Um filme negro e triste, para o qual contribui a escuridão do tempo de Inverno, das casas mal iluminadas, dos ambientes lúgubres. Apenas a cena inicial/final se reveste de luminosidade, como se depois de todas as desgraças que acabámos de assistir, aquela fosse a luz da esperança de que a vida tem lago de bom ainda reservado.


O argumento reforça ideias com falas repetidas por diferentes personagens, como o caso de “dinheiro é dinheiro” ou “o fim está próximo”. Alguns detalhes comuns – o movimento de dedos nervosos em torno de um elástico ou mãos que se apertam com angústia – acabam por unir todas as desgraças numa mesma tragédia universal. E esta surpreendente ordem, este equilíbrio insólito onde nenhuma acção é inócua, torna-se subitamente cruel.


Apesar de muito bem construído, e com interpretações exemplares, “Frozen Land” estica a sua duração até aos 130 minutos. Uma distribuição fora do circuito de festivais talvez necessite de um ligeiro ajuste.

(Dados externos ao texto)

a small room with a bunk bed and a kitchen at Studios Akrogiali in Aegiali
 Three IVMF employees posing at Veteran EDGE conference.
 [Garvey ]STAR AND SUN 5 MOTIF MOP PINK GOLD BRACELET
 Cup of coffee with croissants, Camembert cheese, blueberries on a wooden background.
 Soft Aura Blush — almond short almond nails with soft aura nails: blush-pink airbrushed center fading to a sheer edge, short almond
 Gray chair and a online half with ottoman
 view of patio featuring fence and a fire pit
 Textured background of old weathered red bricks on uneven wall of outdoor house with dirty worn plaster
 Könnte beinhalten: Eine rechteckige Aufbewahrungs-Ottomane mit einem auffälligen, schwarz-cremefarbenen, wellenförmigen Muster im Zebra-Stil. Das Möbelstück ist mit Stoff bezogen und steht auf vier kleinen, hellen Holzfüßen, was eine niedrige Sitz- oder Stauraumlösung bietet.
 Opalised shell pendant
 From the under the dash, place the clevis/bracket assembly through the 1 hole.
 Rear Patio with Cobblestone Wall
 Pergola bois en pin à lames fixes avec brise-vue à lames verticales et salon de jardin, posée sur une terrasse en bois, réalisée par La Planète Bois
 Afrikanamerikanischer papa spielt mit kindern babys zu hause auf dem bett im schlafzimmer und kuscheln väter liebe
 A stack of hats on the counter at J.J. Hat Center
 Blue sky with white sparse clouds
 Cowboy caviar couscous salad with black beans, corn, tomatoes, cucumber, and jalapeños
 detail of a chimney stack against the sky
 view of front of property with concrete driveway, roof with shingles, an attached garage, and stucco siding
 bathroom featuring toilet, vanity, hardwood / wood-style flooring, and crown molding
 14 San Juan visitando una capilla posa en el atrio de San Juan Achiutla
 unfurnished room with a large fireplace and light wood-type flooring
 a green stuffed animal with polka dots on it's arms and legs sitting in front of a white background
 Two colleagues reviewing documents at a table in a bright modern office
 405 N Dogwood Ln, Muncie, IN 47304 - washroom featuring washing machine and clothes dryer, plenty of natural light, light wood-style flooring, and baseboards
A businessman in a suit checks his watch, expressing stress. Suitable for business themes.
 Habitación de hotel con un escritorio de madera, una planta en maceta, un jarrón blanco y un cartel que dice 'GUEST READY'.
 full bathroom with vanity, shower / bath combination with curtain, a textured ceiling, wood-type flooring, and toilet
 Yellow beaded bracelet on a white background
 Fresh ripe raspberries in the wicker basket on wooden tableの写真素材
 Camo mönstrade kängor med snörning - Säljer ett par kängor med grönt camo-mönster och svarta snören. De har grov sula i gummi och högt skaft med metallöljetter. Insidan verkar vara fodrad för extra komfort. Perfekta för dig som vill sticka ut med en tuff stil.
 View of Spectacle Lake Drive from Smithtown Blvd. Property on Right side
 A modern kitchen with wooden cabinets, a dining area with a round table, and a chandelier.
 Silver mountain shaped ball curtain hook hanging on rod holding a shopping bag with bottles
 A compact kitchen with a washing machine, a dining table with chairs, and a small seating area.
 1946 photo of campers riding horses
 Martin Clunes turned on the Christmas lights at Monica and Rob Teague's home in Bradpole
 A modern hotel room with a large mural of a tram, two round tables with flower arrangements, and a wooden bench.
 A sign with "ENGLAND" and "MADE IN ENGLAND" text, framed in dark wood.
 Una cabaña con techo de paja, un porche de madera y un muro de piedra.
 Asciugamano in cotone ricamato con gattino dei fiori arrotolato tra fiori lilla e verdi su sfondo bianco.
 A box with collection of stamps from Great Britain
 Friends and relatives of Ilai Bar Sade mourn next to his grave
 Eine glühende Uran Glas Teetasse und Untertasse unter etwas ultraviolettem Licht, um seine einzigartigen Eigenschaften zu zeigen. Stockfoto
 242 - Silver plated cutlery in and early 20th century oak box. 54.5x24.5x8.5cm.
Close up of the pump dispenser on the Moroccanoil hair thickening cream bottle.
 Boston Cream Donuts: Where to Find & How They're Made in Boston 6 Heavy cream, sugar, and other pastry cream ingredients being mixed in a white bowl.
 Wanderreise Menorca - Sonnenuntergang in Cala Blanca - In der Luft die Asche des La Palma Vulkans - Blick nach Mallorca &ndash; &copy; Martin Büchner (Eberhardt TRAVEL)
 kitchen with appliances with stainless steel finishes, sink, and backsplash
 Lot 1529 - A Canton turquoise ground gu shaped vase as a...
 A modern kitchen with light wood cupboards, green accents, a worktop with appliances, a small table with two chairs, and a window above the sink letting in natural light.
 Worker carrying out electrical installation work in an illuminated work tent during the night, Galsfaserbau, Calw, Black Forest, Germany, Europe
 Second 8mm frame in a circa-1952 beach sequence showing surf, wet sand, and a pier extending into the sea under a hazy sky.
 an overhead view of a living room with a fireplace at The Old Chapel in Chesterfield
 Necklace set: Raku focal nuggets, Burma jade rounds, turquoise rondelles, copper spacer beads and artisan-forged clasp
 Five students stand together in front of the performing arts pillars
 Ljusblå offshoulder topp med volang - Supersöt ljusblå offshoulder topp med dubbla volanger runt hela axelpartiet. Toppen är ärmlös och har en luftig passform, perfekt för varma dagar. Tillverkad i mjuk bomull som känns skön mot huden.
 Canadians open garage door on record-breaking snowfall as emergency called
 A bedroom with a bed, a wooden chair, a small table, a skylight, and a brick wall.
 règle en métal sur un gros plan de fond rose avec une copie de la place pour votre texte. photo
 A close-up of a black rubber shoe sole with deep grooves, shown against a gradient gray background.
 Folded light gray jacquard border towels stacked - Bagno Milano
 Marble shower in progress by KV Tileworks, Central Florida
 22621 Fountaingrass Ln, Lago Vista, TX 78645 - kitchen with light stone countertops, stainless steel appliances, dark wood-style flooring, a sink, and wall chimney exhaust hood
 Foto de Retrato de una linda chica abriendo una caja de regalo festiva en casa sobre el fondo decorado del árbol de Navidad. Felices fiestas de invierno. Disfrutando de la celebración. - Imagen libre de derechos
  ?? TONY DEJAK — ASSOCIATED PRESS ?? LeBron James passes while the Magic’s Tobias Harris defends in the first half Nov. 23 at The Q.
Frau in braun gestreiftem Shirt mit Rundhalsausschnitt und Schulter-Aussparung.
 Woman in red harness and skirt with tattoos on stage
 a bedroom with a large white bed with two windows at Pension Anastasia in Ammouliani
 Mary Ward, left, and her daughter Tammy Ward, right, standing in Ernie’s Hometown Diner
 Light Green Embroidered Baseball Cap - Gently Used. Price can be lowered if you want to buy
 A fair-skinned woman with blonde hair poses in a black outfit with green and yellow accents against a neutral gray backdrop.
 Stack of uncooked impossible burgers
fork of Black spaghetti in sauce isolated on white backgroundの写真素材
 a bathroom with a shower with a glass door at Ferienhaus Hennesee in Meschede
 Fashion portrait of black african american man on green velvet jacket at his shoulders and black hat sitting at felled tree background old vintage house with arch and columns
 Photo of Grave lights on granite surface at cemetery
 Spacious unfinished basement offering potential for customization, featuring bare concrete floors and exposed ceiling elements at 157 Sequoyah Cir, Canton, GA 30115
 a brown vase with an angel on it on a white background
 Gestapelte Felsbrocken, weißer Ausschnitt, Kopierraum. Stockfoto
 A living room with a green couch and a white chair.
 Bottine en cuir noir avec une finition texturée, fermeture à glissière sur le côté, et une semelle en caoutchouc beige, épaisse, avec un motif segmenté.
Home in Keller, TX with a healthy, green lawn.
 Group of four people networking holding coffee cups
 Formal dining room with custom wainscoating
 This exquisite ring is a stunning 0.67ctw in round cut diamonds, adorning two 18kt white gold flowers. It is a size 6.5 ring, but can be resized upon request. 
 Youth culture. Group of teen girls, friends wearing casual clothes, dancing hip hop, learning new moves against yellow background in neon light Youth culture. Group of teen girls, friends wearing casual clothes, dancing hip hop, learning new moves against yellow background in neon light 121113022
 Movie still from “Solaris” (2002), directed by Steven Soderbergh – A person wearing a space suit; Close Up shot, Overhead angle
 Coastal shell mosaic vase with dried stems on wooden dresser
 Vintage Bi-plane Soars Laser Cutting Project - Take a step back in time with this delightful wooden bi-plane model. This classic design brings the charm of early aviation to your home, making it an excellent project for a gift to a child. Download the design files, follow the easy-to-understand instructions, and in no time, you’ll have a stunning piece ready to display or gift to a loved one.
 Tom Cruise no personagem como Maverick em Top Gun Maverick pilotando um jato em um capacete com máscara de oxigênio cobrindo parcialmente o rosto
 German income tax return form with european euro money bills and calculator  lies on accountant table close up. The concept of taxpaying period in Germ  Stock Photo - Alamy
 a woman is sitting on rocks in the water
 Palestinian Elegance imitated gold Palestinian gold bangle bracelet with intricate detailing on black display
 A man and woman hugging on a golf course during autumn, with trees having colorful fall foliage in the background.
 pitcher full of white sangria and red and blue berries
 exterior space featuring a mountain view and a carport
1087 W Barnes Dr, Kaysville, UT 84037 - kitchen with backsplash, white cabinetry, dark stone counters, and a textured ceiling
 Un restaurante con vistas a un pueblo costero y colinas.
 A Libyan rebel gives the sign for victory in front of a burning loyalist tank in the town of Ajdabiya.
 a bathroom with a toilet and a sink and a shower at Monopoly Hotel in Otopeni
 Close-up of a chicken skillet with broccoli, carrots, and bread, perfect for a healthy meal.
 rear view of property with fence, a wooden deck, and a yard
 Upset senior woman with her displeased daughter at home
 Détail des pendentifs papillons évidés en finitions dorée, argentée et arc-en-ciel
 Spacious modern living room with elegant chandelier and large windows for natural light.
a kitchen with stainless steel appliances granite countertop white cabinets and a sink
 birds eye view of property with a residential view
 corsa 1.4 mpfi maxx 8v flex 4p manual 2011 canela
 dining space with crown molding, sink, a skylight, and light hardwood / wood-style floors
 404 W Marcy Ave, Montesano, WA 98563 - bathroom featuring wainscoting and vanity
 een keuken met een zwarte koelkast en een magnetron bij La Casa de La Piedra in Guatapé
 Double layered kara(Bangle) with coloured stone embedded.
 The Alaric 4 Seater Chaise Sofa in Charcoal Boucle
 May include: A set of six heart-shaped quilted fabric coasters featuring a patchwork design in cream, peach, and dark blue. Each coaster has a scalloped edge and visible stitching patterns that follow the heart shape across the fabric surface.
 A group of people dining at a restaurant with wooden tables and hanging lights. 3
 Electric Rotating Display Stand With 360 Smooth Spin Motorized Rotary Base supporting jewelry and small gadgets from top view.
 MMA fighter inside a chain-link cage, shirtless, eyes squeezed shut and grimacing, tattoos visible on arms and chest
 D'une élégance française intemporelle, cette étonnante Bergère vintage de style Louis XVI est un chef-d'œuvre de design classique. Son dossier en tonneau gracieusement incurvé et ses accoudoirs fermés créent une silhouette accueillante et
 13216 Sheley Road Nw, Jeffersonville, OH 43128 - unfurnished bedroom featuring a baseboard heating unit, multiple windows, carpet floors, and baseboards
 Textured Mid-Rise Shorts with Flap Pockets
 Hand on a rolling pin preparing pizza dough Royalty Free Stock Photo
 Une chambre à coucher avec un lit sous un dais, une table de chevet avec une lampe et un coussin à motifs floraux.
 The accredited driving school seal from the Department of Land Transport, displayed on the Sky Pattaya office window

No meio da miséria que a vida humana pode ser, resta sempre a esperança de um final feliz. Só isso pode explicar a capacidade, por vezes sobre-humana, de resistir ao sofrimento. Mas não estamos aqui por acaso, e aquilo que recebemos é aquilo que damos. Quando apenas usamos o mundo para tirar dele o que pretendemos, o mundo acabará por virar esse instinto predador contra nós. Isto se primeiro não nos auto-canibalizarmos.